County Championship Division 1
Somerset v Essex.

Day one

The weather is fine as I leave Langport at 8.30 on Monday morning for what is, indisputably, the Championship decider, but the forecast is grim.  It is hard to see how Somerset are going to be able to take the 20 Essex wickets they need in the intervals between the heavy rain, light rain, showers and thundery showers that we are promised over the course of the next four days, and expectations are moderated accordingly.

But at least Tom Abell wins the toss and Somerset can bat first.  The only scenario that could reasonably end in the win we need is runs on the board, and then lots of Essex wickets, with or without Somerset having to bat again. The pitch, which is the same one used for a World Cup game and the Women's Ashes Test, looks bare of grass. There's not much doubt that it will take spin - hopefully not too extravagantly, given that Somerset still have a final warning hanging over them from last season's tie with Lancashire. How ironic to win the game, and then lose the Championship by virtue of penalty points! Our two BBC Essex commentators, Nick Gledhill and Dick Davies, are doing their best to keep broad grins off their faces at a combination of the memory of Saturday night's Vitality Blast last ball triumph at Edgbaston and the weather forecast, but the mood in the Essex camp is clearly sky-high, hangovers notwithstanding!

The Somerset innings starts all too typically, both openers back in the pavilion inside four overs, and the dreaded Simon Harmer - 78 Championship wickets to his name - not even into the attack yet.  Hildreth and Abell re-build intelligently, the former using his feet to try and disrupt the Essex bowlers' lengths. but when Harmer does come on, batting immediately looks very difficult indeed, with inconsistent bounce to go with occasionally sharp turn. He strikes twice in the 21st over - Hildreth LBW to one that turned just enough to beat the inside edge,  Banton going in similar fashion to just his second ball.  Bartlett survives what is almost a chance to backward short-leg, again off that man Harmer, and it is almost a relief when the rain arrives at 12.15 and off they go.  That'll be it for the day, I pronounce.

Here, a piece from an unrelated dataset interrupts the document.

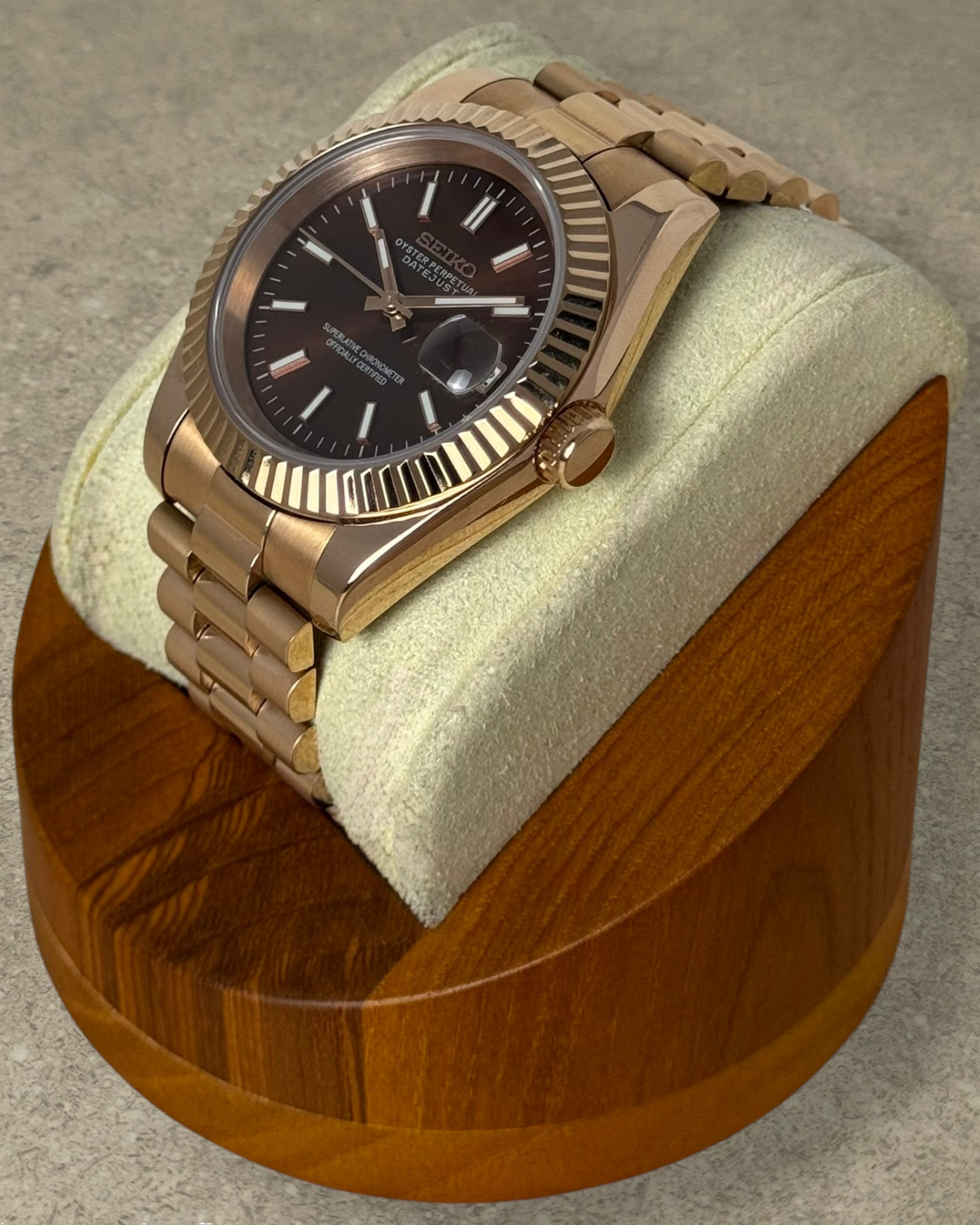PB TimePiece Classic Date watch with rose gold stainless steel case, fluted bezel, and chocolate dial on a bracelet.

However, there is plenty to occupy us in the several hours that will inevitably elapse, given the presence of Sky TV, before the umpires call time for the day.  First, there is a presentation to Marcus Trescothick, to mark his retirement at the end of his 27th year in Somerset colours.  In all forms, he has played 618 games for his county, scoring (by my reckoning) 29198 runs and taking 618 catches, his 445 in first-class cricket being 52 more than the next man, the great J C 'Farmer' White, and he played 409 first-class games for Somerset, as against Banger's 296.  That record may one day be beaten, but one that I'm fairly sure won't be is his longevity with just one county.  Even the best players don't go on for anything like as long as they used to (Ted Tyler played his last game for Somerset at the age of 55), and they switch counties far more than used to be the case.

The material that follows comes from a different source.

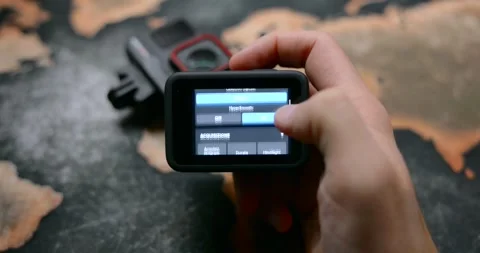 Action camera held in hand, changing menu settings on rear touchscreen Stock Footage 304957021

It is sad that Marcus' Somerset playing career should have ended in anticlimax - just a handful of runs, and being given out caught off his thigh pad at Guildford in his final innings. More than one of his legion of faithful followers points out to me that, loss of form or not,  he might just as well have been played in this game, given that the no doubt expensively acquired Murali Vijay has only added six to his tally of 36 runs in his seven innings.  But we can console ourselves with so many memories of Trescothick's 'bucolic majesty'.  I shall be able to picture him at the crease until the day I die.  And, even better, he'll certainly not be lost to either the game, or to Somerset. A career in coaching beckons, and if he's half as good at helping other batsmen as he has been at scoring runs himself, he'll be a very good coach indeed.  So au revoir Banger.  It has a pleasure and a privilege to have been able to watch you bat - and catch - these last 27 seasons.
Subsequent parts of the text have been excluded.